About the Dexamethasone Benchmark (Dex-Benchmark) Resource

The volume and diversity of transcriptomics datasets is rapidly growing. At the same time, hundreds of new tools are published each year to perform various steps in transcriptomics data analysis, such as identifying differentially expressed genes, performing gene set enrichment analysis, and visualizing transcriptomics data as heatmaps and scatter plots. In order to evaluate methods that perform these tasks, there is a need for developing objective benchmarks that can be used to compare the quality of tools and algorithms to maximally and accurately extract biological knowledge from these data.

graphical abstract

The goal of this resource is to provide the community with datasets and template workflows needed for benchmarking different tools for gene expression analysis. Gene expression and transcription factor binding data for the drug dexamethasone and its known target, the Glucocorticoid Receptor (GR) (NR3C1), are provided on the landing page along with code that demonstrates how to perform benchmarks for comparing gene expression analysis steps, such as alignment, data normalization, unsupervised cluster identification, differential expression analysis, and enrichment analysis. The sources for the curated datasets include SigCom LINCS1, ENCODE2,3, and the Gene Expression Omnibus4 (GEO) with processed data from CREEDS5, GEN3VA6, and ChEA7. Some of the provided data is used for the template workflows that compare state-of-the-art algorithms currently used by the community to perform transcriptomics analyses. Users can also benchmark additional methods by customizing the Jupyter Notebooks for their own needs. Overall, the Dex-Benchmark Resource provides a step forward toward improving the quality of bioinformatics workflow for the betterment of knowledge extraction from omics datasets.

References

[1] Evangelista JE, Clarke DJB, Xie Z, Lachmann A, Jeon M, Chen K, Jagodnik KM, Jenkins SL, Kuleshov MV, Wojciechowicz ML, Schürer SC, Medvedovic M, Ma’ayan A. SigCom LINCS: data and metadata search engine for a million gene expression signatures. Nucleic Acids Research, 2022; gkac328, https://doi.org/10.1093/nar/gkac328

[2] ENCODE Project Consortium. An integrated encyclopedia of DNA elements in the human genome. Nature. 2012 Sep 6;489(7414):57-74. doi: 10.1038/nature11247. PMID: 22955616; PMCID: PMC3439153.

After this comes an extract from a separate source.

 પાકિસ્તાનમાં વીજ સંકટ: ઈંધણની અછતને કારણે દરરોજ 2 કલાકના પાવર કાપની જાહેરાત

[3] Luo Y, Hitz BC, Gabdank I, Hilton JA, Kagda MS, Lam B, Myers Z, Sud P, Jou J, Lin K, Baymuradov UK, Graham K, Litton C, Miyasato SR, Strattan JS, Jolanki O, Lee JW, Tanaka FY, Adenekan P, O'Neill E, Cherry JM. New developments on the Encyclopedia of DNA Elements (ENCODE) data portal. Nucleic Acids Res. 2020 Jan 8;48(D1):D882-D889. doi: 10.1093/nar/gkz1062. PMID: 31713622; PMCID: PMC7061942.

[4] Barrett T, Wilhite SE, Ledoux P, Evangelista C, Kim IF, Tomashevsky M, Marshall KA, Phillippy KH, Sherman PM, Holko M, Yefanov A, Lee H, Zhang N, Robertson CL, Serova N, Davis S, Soboleva A. NCBI GEO: archive for functional genomics data sets--update. Nucleic Acids Res. 2013 Jan;41(Database issue):D991-5.

[5] Keenan AB, Torre D, Lachmann A, Leong AK, Wojciechowicz M, Utti V, Jagodnik K, Kropiwnicki E, Wang Z, Ma'ayan A (2019) ChEA3: transcription factor enrichment analysis by orthogonal omics integration. Nucleic Acids Research. doi: 10.1093/nar/gkz446

[6] Wang, Z., Monteiro, C. D., Jagodnik, K. M., Fernandez, N. F., Gundersen, G. W., ... & Ma'ayan, A. (2016) Extraction and Analysis of Signatures from the Gene Expression Omnibus by the Crowd. Nature Communications doi: 10.1038/ncomms12846

[7] Gundersen GW, Jagodnik KM, Woodland H, Fernandez NF, Sani K, Dohlman AB, Ung PM, Monteiro CD, Schlessinger A, Ma'ayan A. GEN3VA: aggregation and analysis of gene expression signatures from related studies. BMC Bioinformatics. 2016 Nov 15;17(1):461. doi: 10.1186/s12859-016-1321-1. PMID: 27846806; PMCID: PMC5111283.